What the task requires: The task calls for the lines below from the line with "Kimpex HD Ignition Key Switch (285868)" to the line with "2015 VW GOLF (S133) - Image 2", both ends included, copied exactly, without any pictures.

Material to process:
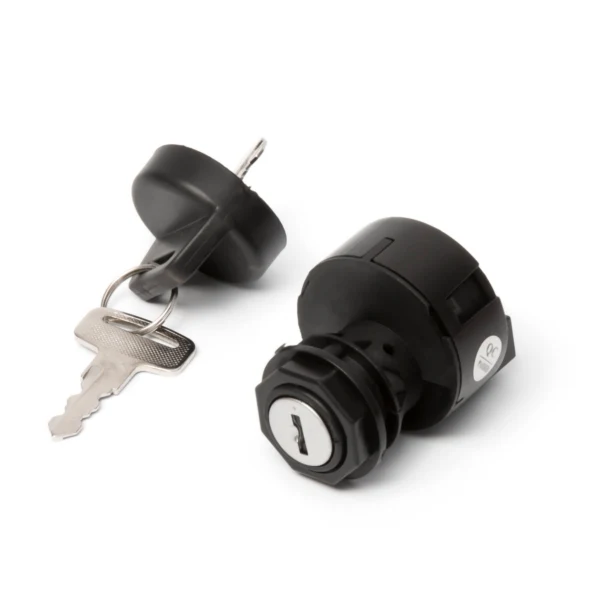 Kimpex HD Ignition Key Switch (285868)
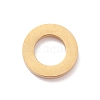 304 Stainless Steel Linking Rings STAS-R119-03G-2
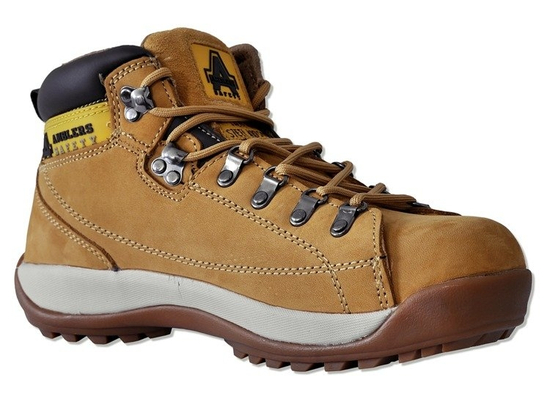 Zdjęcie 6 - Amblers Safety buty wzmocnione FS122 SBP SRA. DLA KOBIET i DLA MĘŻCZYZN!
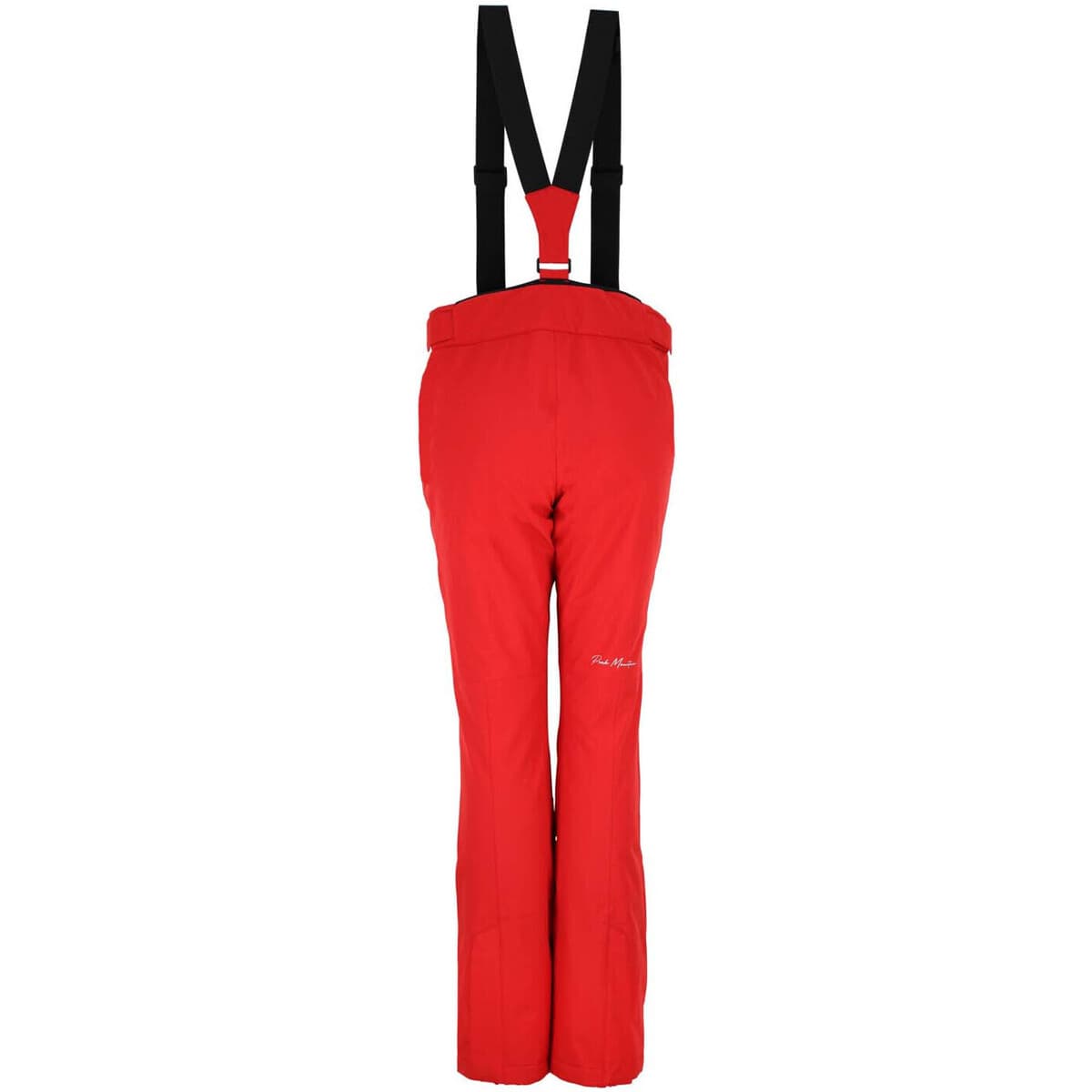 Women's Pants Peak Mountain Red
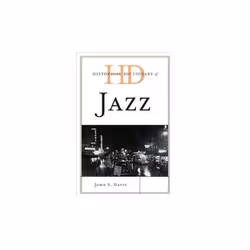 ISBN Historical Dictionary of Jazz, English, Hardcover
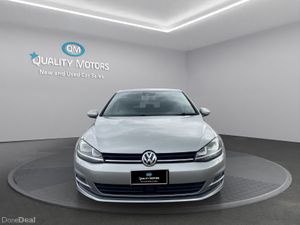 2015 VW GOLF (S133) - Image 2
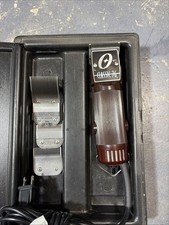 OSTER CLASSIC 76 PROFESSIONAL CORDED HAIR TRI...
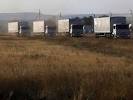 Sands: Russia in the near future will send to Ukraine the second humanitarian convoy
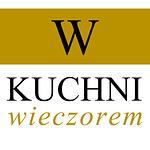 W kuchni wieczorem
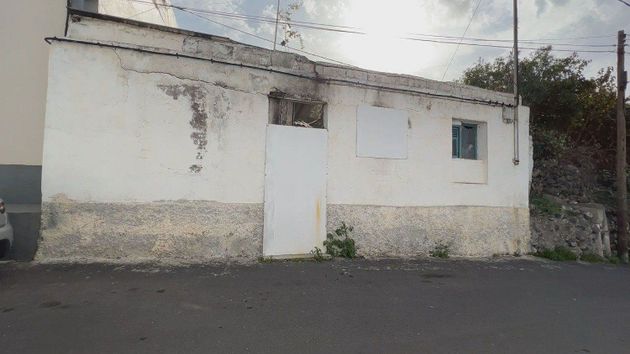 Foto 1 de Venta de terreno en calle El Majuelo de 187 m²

...

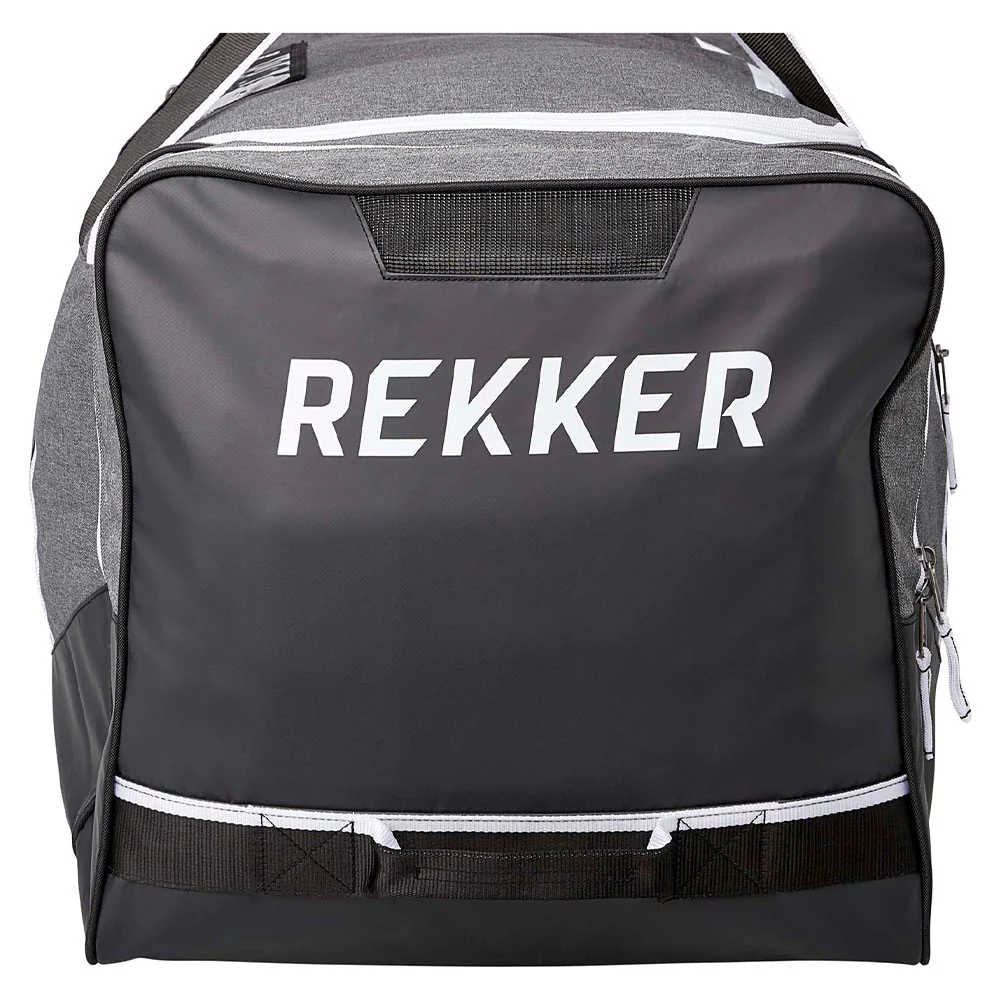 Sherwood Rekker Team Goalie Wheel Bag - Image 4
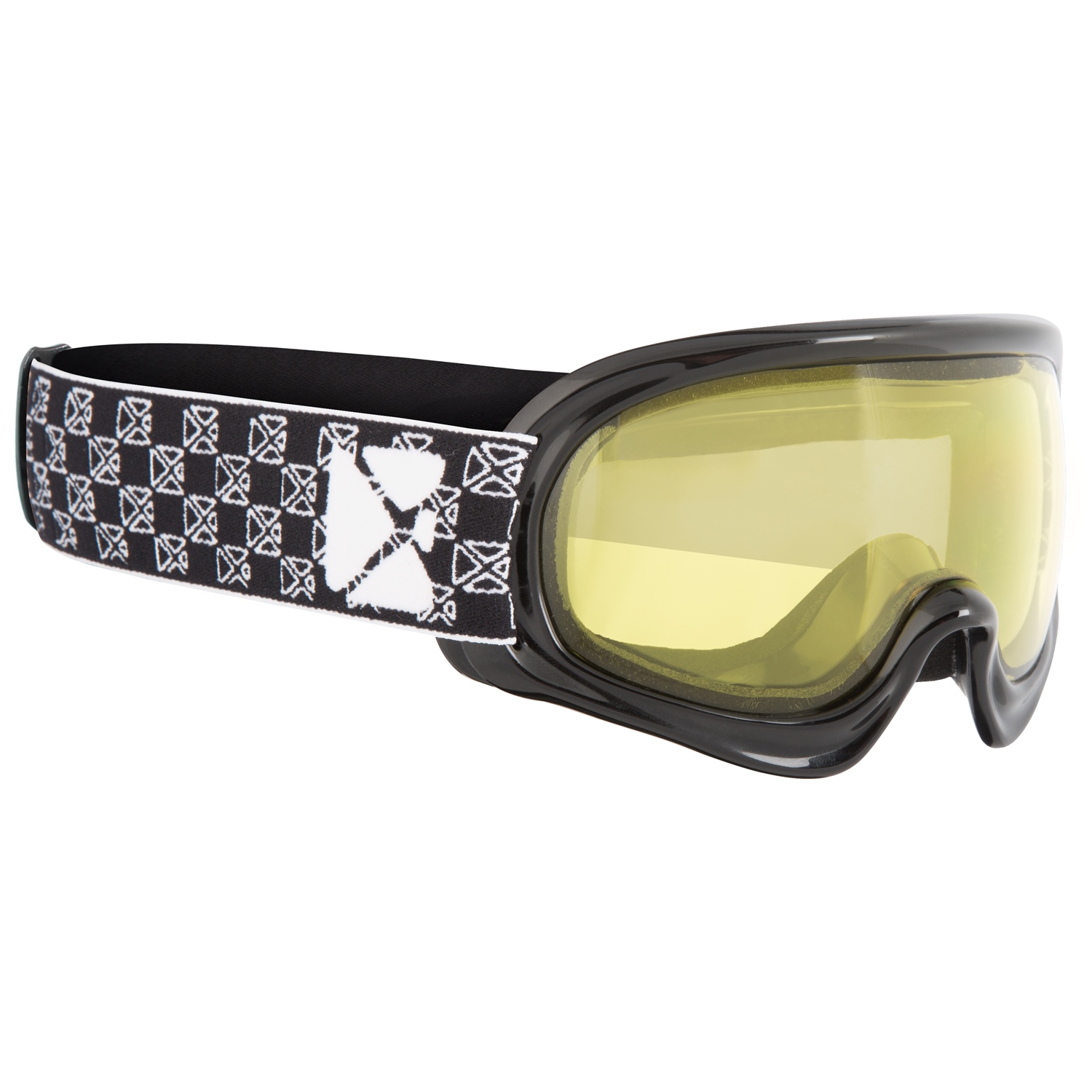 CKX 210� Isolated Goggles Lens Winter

Answer to this task:
 Kimpex HD Ignition Key Switch (285868)
 304 Stainless Steel Linking Rings STAS-R119-03G-2
 Zdjęcie 6 - Amblers Safety buty wzmocnione FS122 SBP SRA. DLA KOBIET i DLA MĘŻCZYZN!
 Women's Pants Peak Mountain Red
 ISBN Historical Dictionary of Jazz, English, Hardcover
 2015 VW GOLF (S133) - Image 2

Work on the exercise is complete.